Why threads starve even on preemptive multitasking OS (Windows 7)
Asked Answered
T

4

12

I wrote a Win32 application (in Delphi-7 which is 32-bit using TThread class) to create 100 threads. Each thread when resumed will continuously (in a loop) increment a 64 bit counter associated with the thread object (so no locking or sharing of data).

If you let the system run for 10 to 15 seconds and stop after that, you should see roughly the same counts in each of the threads. But what I observed was that 81 threads ran under 400 million loops and the remaining ones looped more than 950 million times. Slowest thread got only 230 million compared to the fastest 2111 million.

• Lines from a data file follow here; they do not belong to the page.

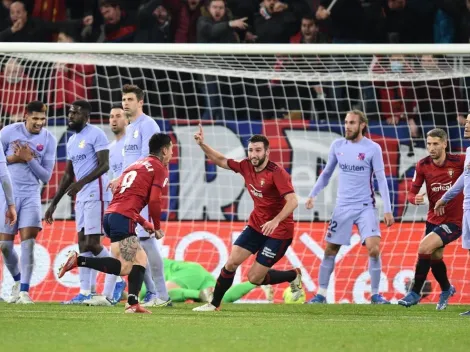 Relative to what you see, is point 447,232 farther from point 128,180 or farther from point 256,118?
point 256,118

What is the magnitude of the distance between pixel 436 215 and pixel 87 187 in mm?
3891

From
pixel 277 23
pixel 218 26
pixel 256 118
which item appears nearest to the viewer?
pixel 256 118

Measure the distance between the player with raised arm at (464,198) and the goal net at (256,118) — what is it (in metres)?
2.09

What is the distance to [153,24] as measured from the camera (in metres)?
17.2

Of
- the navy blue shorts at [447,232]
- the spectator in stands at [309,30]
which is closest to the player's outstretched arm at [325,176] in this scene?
the navy blue shorts at [447,232]

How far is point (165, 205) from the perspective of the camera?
49.9ft

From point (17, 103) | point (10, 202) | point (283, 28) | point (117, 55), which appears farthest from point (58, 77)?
point (10, 202)

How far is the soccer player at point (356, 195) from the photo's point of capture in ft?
43.1

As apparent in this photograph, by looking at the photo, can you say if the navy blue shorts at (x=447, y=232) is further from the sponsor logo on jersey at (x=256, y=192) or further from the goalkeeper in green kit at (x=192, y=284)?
the goalkeeper in green kit at (x=192, y=284)

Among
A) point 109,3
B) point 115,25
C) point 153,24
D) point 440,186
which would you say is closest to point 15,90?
point 115,25

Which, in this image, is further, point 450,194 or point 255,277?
point 450,194

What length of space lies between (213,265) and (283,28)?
13.3 ft

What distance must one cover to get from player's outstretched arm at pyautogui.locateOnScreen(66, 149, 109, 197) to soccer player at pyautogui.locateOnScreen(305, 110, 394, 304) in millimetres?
2385

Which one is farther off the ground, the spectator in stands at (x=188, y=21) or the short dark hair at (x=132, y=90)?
the spectator in stands at (x=188, y=21) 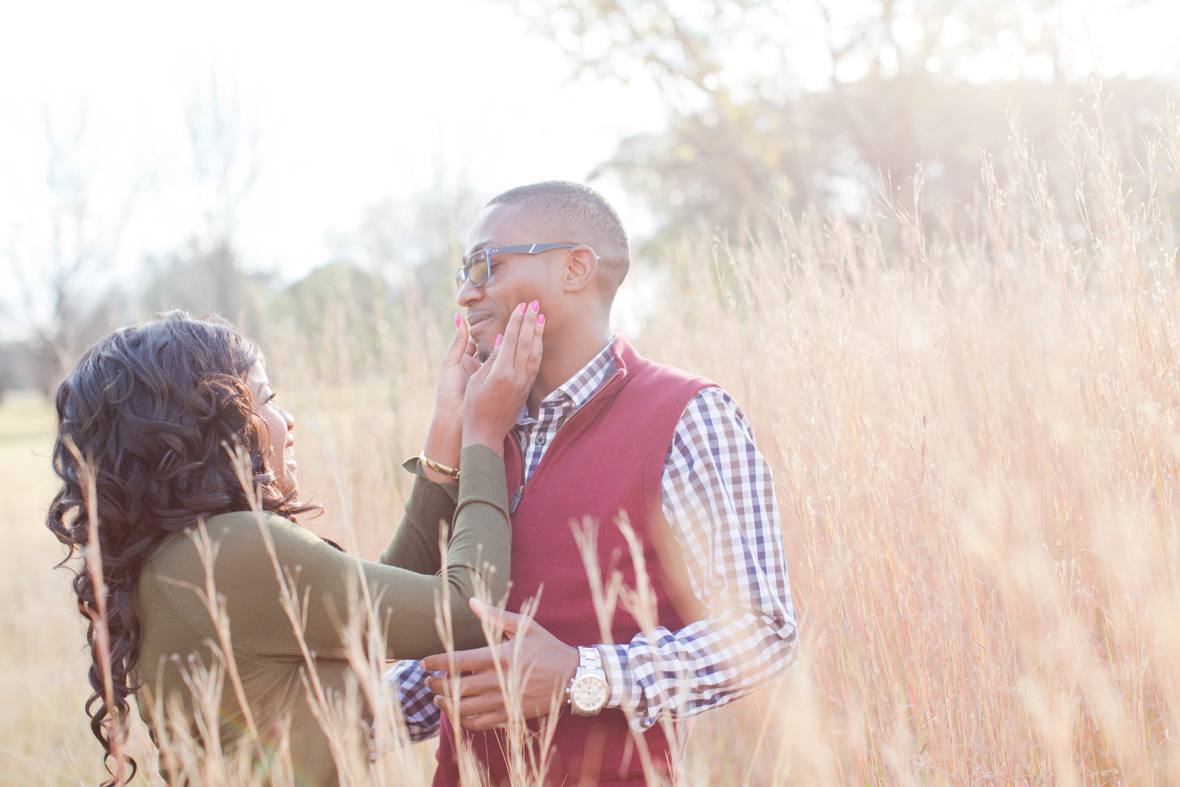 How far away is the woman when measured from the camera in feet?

According to MSDN, the preemptive multitasking is at the thread-level (not process level), so each of my thread should have gotten its time-slice in a round-robin fashion. What am I missing here and why is this discrepancy?

Edit1: Machine configuration: Intel i7 Quad Core 3.4GHz with hyper-threading turned on (8 active threads at a time). Running Windows-7 64 bit professional (and the test application is 32 bit)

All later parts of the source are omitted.